Madeleine : « Pour autant, ce n’est pas toujours simple. Réaliser pendant des années une quotidienne, dans des conditions aussi précaires, ça fatigue. C’est un taf de fou. Une bataille permanente, qui demande de la force. Et cette force, c’est la radio qui nous la fournit. »
Nadia : « Il y a aujourd’hui beaucoup de gens qui lisent et théorisent. Mais qui sont aussi un peu coupés de la réalité. Nous, on s’appuie sur le postulat inverse : pour transformer l’ordre des choses, il faut partir de la réalité. Faire le point sur l’état des forces. Quels sont les moyens de lutte ? Comment l’emporter ? Ce sont les gens à qui on tend le micro qui en parlent. En toute liberté, sans qu’on leur fasse la leçon. »
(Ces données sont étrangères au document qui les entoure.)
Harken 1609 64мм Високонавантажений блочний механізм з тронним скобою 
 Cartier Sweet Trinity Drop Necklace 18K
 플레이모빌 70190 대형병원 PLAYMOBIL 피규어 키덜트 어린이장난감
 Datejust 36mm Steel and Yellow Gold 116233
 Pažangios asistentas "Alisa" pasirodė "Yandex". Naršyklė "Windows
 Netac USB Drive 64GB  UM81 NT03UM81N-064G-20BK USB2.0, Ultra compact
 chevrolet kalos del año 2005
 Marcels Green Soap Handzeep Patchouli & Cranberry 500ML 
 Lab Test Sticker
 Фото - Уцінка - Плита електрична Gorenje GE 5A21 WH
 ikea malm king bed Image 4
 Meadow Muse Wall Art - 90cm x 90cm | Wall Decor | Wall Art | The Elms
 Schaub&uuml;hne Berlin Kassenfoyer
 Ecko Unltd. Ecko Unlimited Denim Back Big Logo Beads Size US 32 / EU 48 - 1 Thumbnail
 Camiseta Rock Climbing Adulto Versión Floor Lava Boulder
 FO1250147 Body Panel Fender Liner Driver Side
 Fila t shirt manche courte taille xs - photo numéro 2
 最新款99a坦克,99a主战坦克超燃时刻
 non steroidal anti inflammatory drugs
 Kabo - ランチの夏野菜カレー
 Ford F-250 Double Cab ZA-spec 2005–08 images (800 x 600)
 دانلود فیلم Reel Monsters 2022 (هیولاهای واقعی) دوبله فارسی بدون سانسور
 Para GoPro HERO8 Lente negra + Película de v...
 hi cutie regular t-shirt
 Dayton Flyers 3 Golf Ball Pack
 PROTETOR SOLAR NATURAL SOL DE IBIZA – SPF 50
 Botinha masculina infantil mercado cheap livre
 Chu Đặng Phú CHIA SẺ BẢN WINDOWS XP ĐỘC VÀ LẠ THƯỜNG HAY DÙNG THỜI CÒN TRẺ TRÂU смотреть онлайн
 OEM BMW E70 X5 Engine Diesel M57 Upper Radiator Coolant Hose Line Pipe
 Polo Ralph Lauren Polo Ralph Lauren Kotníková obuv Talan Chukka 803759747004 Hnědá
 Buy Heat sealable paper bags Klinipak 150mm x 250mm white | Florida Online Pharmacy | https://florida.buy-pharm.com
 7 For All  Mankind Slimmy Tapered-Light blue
Joël : « Ça fonctionne aussi parce que nous ne sommes pas déconnectés de la société. On n’a pas fait d’école de journalisme, on est issus de quartiers populaires, on y vit. Et on sait ce qui se passe à côté de chez nous. On est acteurs de ce quotidien, même si on ne vient pas des mêmes horizons — Nadia a par exemple arrêté les cours en terminale, tandis que Madeleine est étudiante en philo. »
Nadia : « C’est l’une des forces des radios libres que de réunir des gens très différents. Et c’est pour cette raison qu’elles constituent des espaces d’expression indispensables, à préserver et à défendre. Surtout en ce moment, alors que les coups de boutoir à leur encontre se multiplient. FPP se retrouve ici en première ligne : l’existence de la radio est menacée, à cause de la fin des contrats aidés et de la baisse des financements publics.
Il y a quelques mois, la radio fonctionnait encore avec cinq emplois aidés, chargés notamment de l’administratif, de l’agenda, du suivi de la programmation. Il n’y en a désormais plus que deux. Et il n’en restera qu’un en décembre. Table rase. Ce qui désorganise forcément la radio. D’autant que l’oukase est tombé sans préavis. Pas moyen de s’y préparer. Et de trouver les moyens d’une autre autonomie. »
« À longueur d’émissions, on parle d’auto-organisation, d’indépendance. Mais on se retrouve finalement en butte à des contradictions ressemblant à celles du monde marchand »
Madeleine : « On porte certainement une responsabilité sur ce point — comme tous les participants de la radio. Nous aurions dû nous demander plus tôt comment ne pas trop dépendre d’un État qui ne veut pas de nous. On subirait moins la situation actuelle si on n’était pas totalement financés par des subsides étatiques, ceux du Fonds du soutien à l’expression radiophonique et ceux, indirects, des emplois aidés. »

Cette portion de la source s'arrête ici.